(Beginning of Input records)

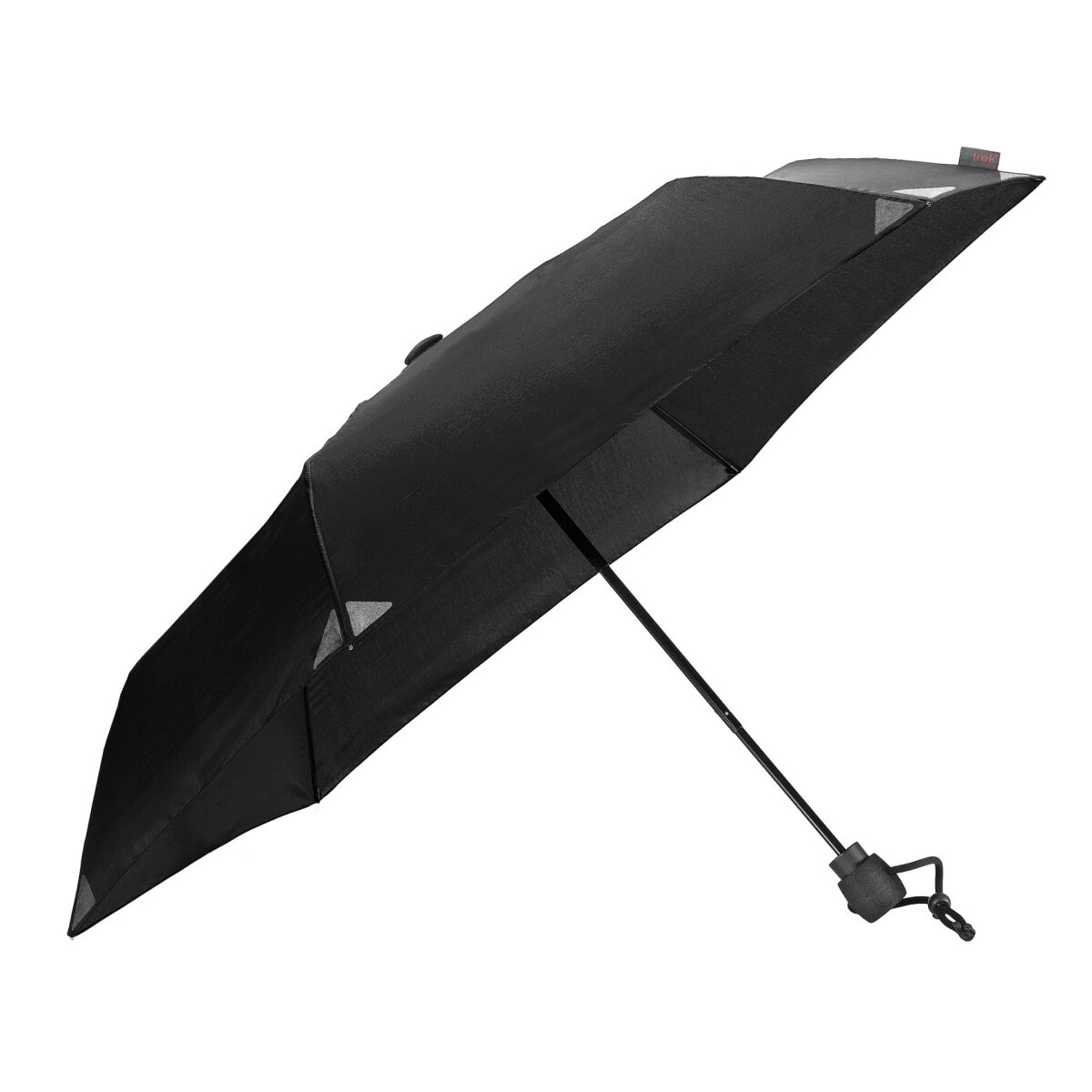Euroschirm Trekking-Regenschirm light trek ultra schwarz (Reflektoren)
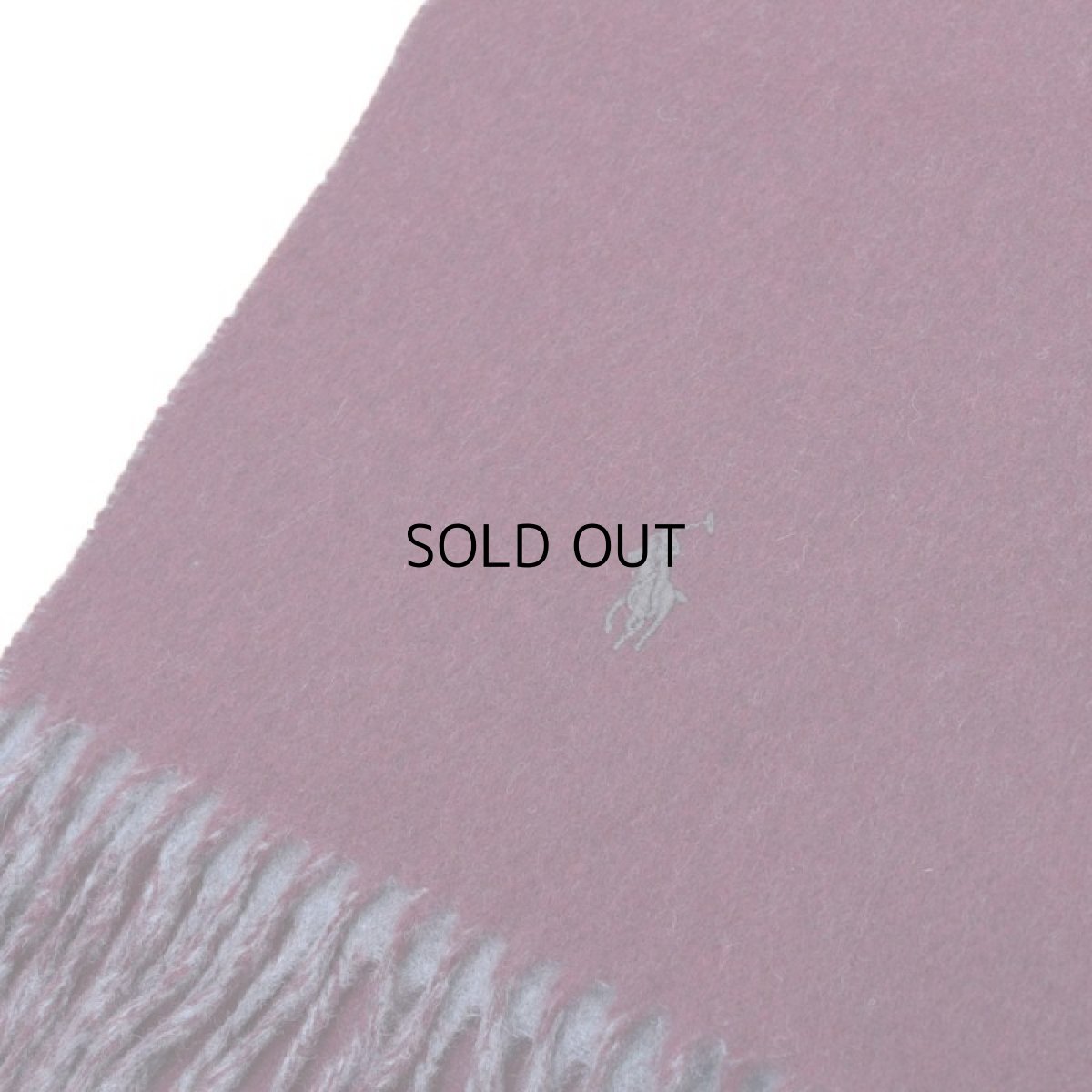 画像3: POLO RALPH LAUREN VIRGIN WOOL REVERSIBLE MUFFLER (3)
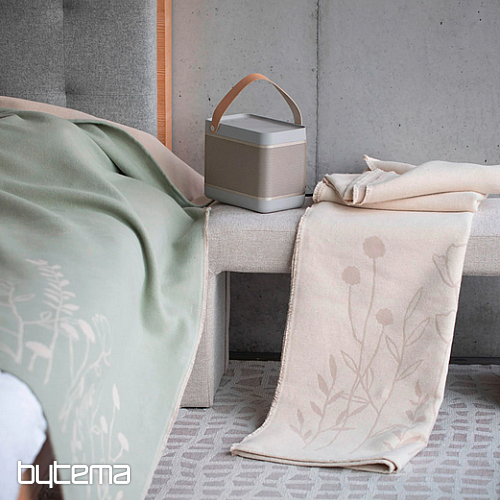 Deka AMBER KVĚTY béžové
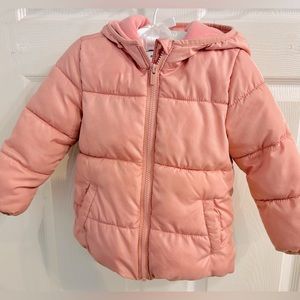 Old Navy rose pink puffer coat 3T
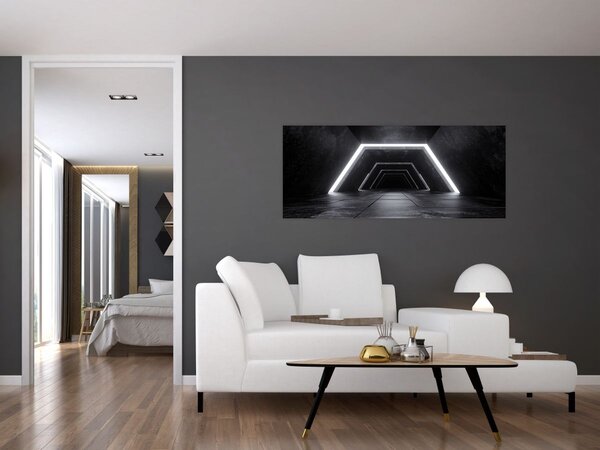 Slika - Futuristički tunel (120x50 cm)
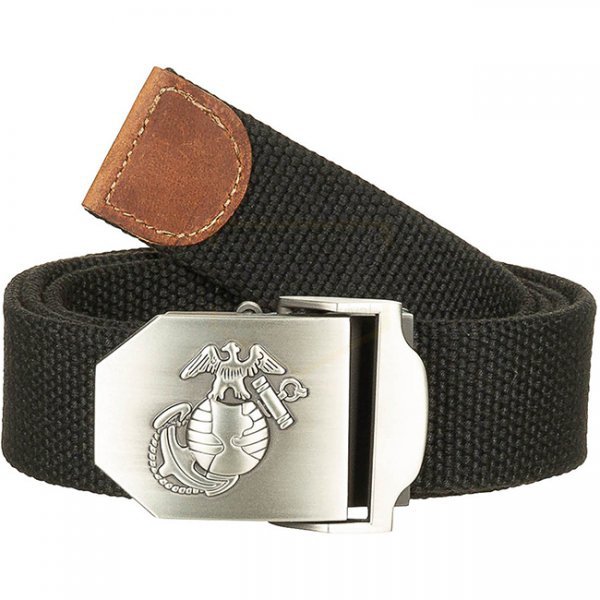 MFH USMC Web Belt 40mm - Black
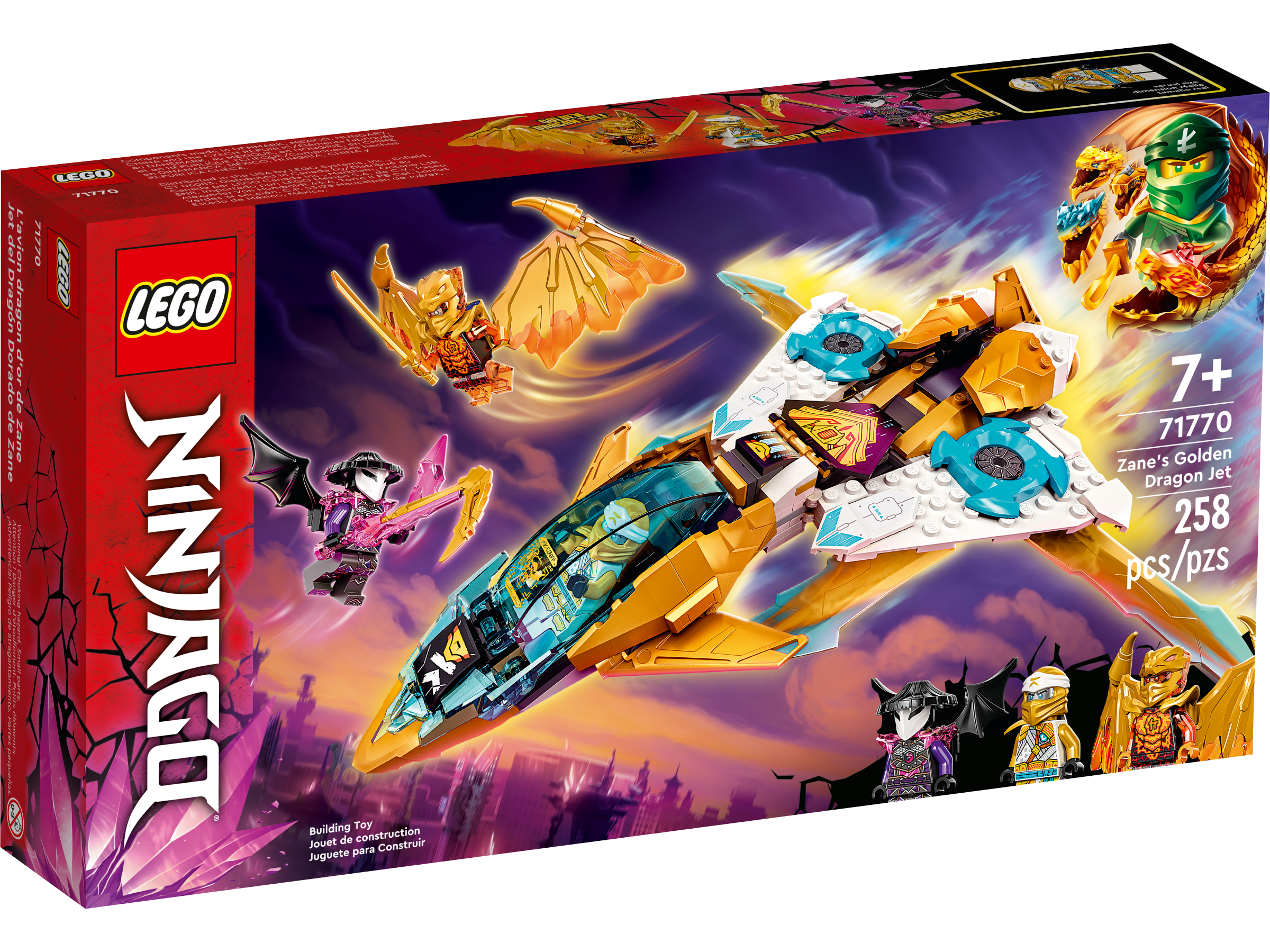 LEGO 71770 Zane's Golden Dragon Jet - Zane 的金龍噴氣機 (Ninjago)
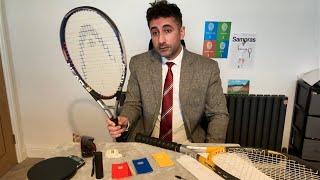 ASMR: A Meticulous Tennis Racket Inspection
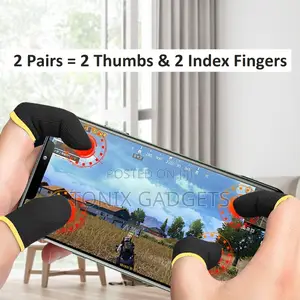 Mobile Gaming Thumbs Sleeves (2 Pairs (4pcs))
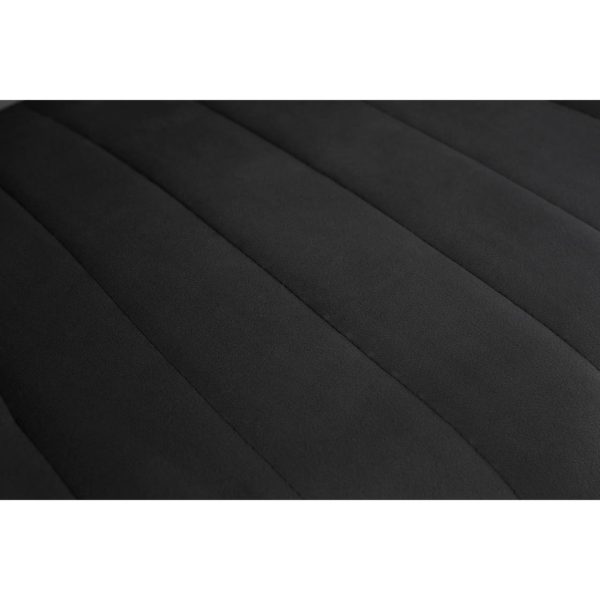 Scaun bucatarie/living, catifea, metal, negru, 54x61x83 cm, Viva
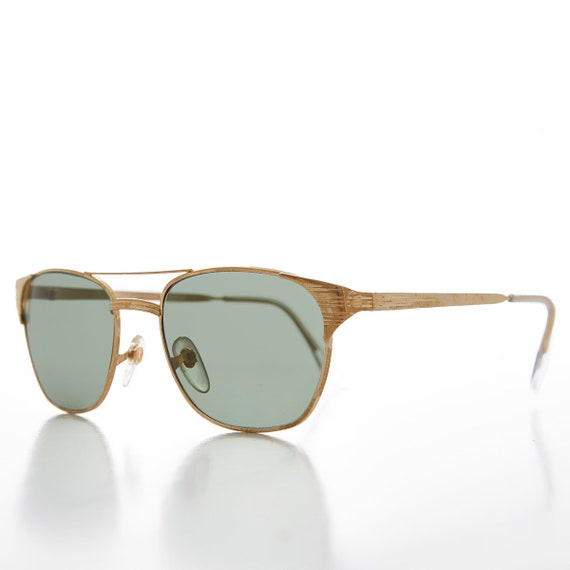 Square Pilot Fashion Vintage Unisex Sunglasses - … - image 2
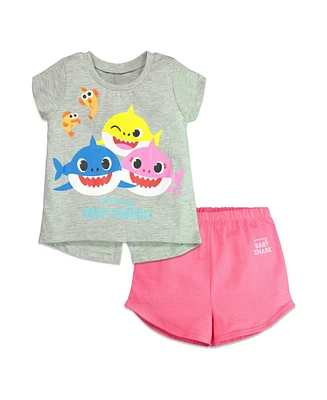 Pinkfong Baby Shark Tank Top and Shorts Infant to Little Kid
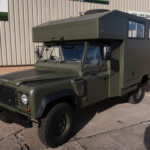 Ex Army Land Rover Defender 130 Wolf Gun Bus (shoot vehicle) Ex Army Land Rover Defender 130 Wolf Gun Bus (shoot vehicle)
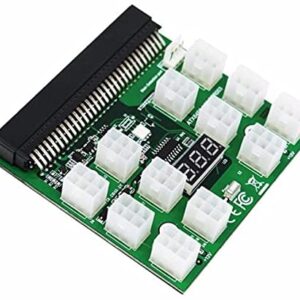 Chiyou PCI-E 12V 64Pin to 12x 6Pin Power Supply Server Adapter Breakout Board Power Conversion for 1200W 750W GPU Mining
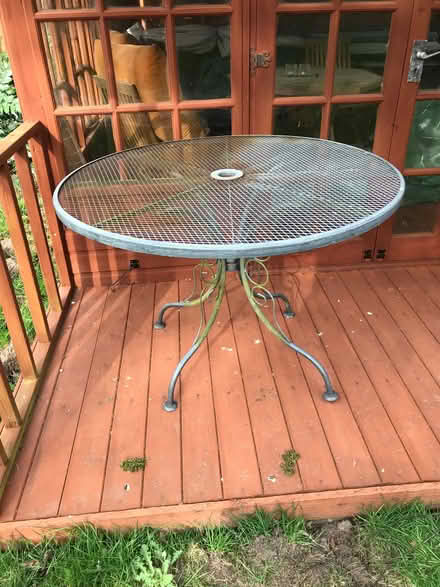 Photo of free Garden table (Coton Hill SY1) #1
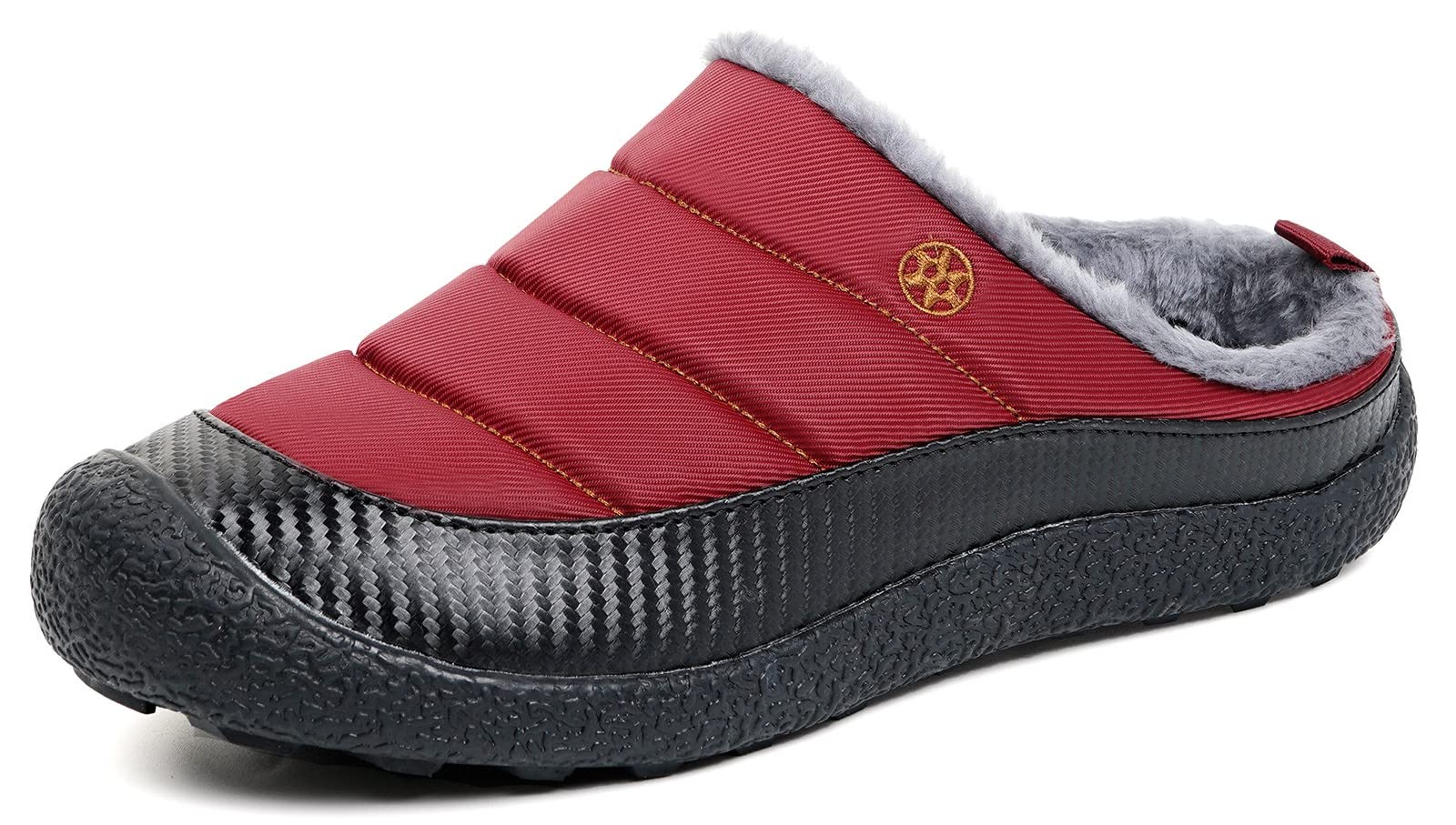 Gaatpot Unisex Pantofole Invernali Caldo Peluche Slippers Ciabatta da Casa Morbido Antiscivolo Piatto Cotoneinfradito Scarpe 36EU-46EU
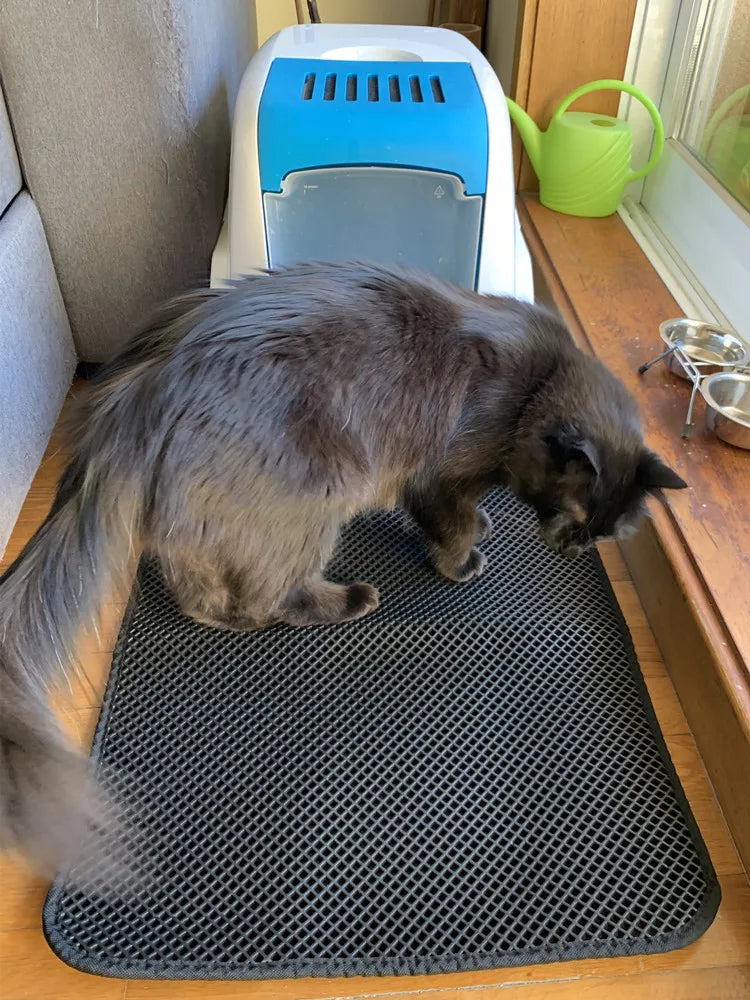 Cat Litter Mat Waterproof Double Layer Litter Cat Bed Pad Pet Litter Box Carpet Mat for Cats Mat Trapper House Cleaner Products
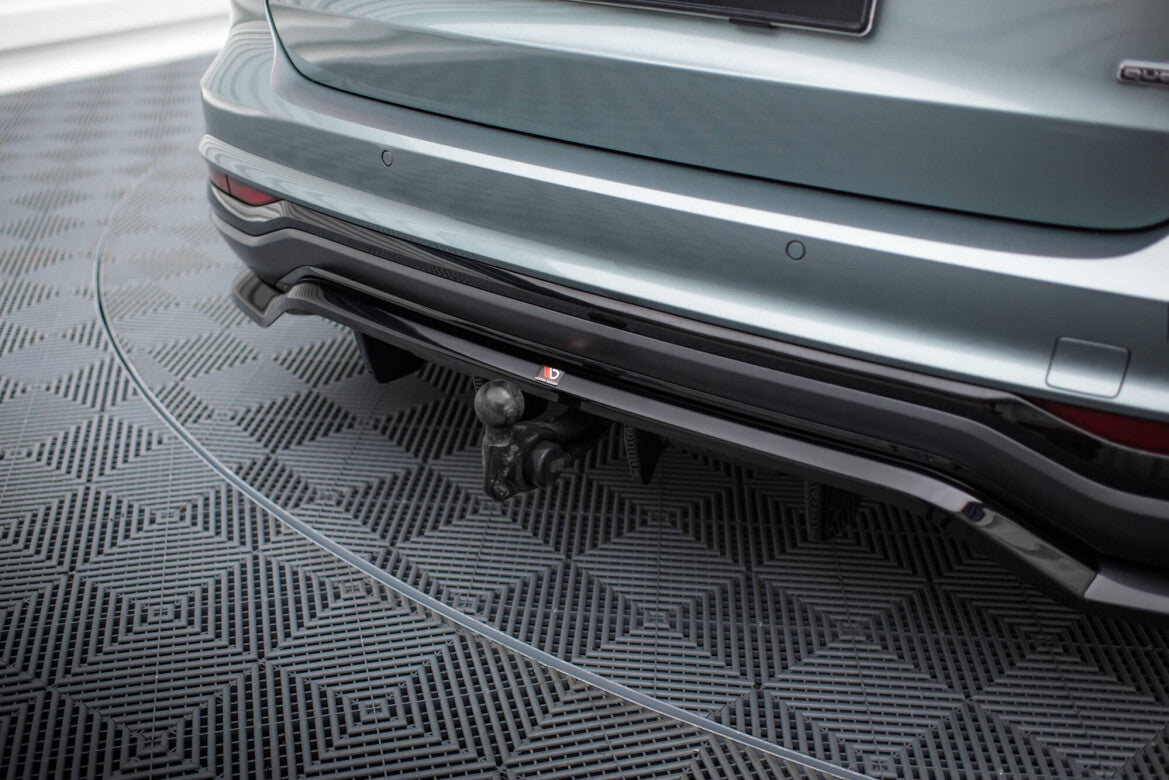 Diffusor Heckansatz passend für Audi A6 Allroad C8 schwarz Hochglanz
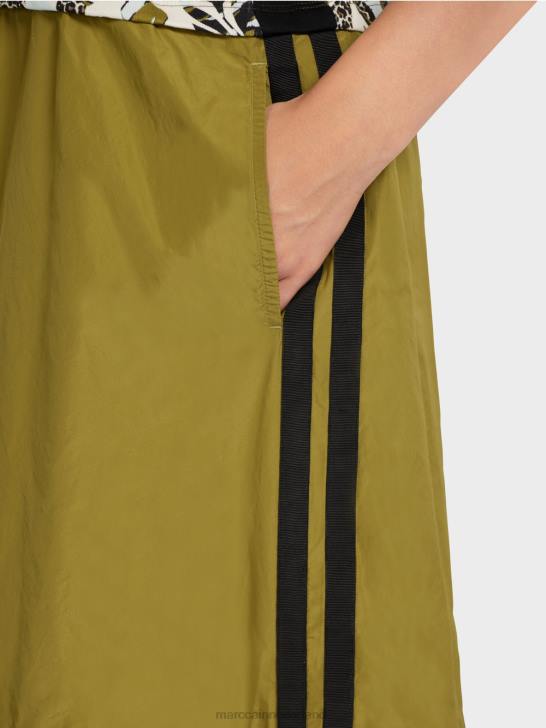 kleding zacht dakraam 464J113 gelaagde jurk met stijl en materiaalmix Marc Cain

(End of Input records)

If a picture appears in the data, omit it; transcribe all the rest exactly.

§ Result of the task:
Euroschirm Trekking-Regenschirm light trek ultra schwarz (Reflektoren)
 画像3: POLO RALPH LAUREN VIRGIN WOOL REVERSIBLE MUFFLER (3)
 Deka AMBER KVĚTY béžové
 Old Navy rose pink puffer coat 3T
 Slika - Futuristički tunel (120x50 cm)
 MFH USMC Web Belt 40mm - Black
 LEGO 71770 Zane's Golden Dragon Jet - Zane 的金龍噴氣機 (Ninjago)
 ASMR: A Meticulous Tennis Racket Inspection
 Mobile Gaming Thumbs Sleeves (2 Pairs (4pcs))
 Scaun bucatarie/living, catifea, metal, negru, 54x61x83 cm, Viva
 Square Pilot Fashion Vintage Unisex Sunglasses - … - image 2
 Pinkfong Baby Shark Tank Top and Shorts Infant to Little Kid
 Ex Army Land Rover Defender 130 Wolf Gun Bus (shoot vehicle) Ex Army Land Rover Defender 130 Wolf Gun Bus (shoot vehicle)
 Chiyou PCI-E 12V 64Pin to 12x 6Pin Power Supply Server Adapter Breakout Board Power Conversion for 1200W 750W GPU Mining
 Photo of free Garden table (Coton Hill SY1) #1
 Gaatpot Unisex Pantofole Invernali Caldo Peluche Slippers Ciabatta da Casa Morbido Antiscivolo Piatto Cotoneinfradito Scarpe 36EU-46EU
 Cat Litter Mat Waterproof Double Layer Litter Cat Bed Pad Pet Litter Box Carpet Mat for Cats Mat Trapper House Cleaner Products
 Diffusor Heckansatz passend für Audi A6 Allroad C8 schwarz Hochglanz
 kleding zacht dakraam 464J113 gelaagde jurk met stijl en materiaalmix Marc Cain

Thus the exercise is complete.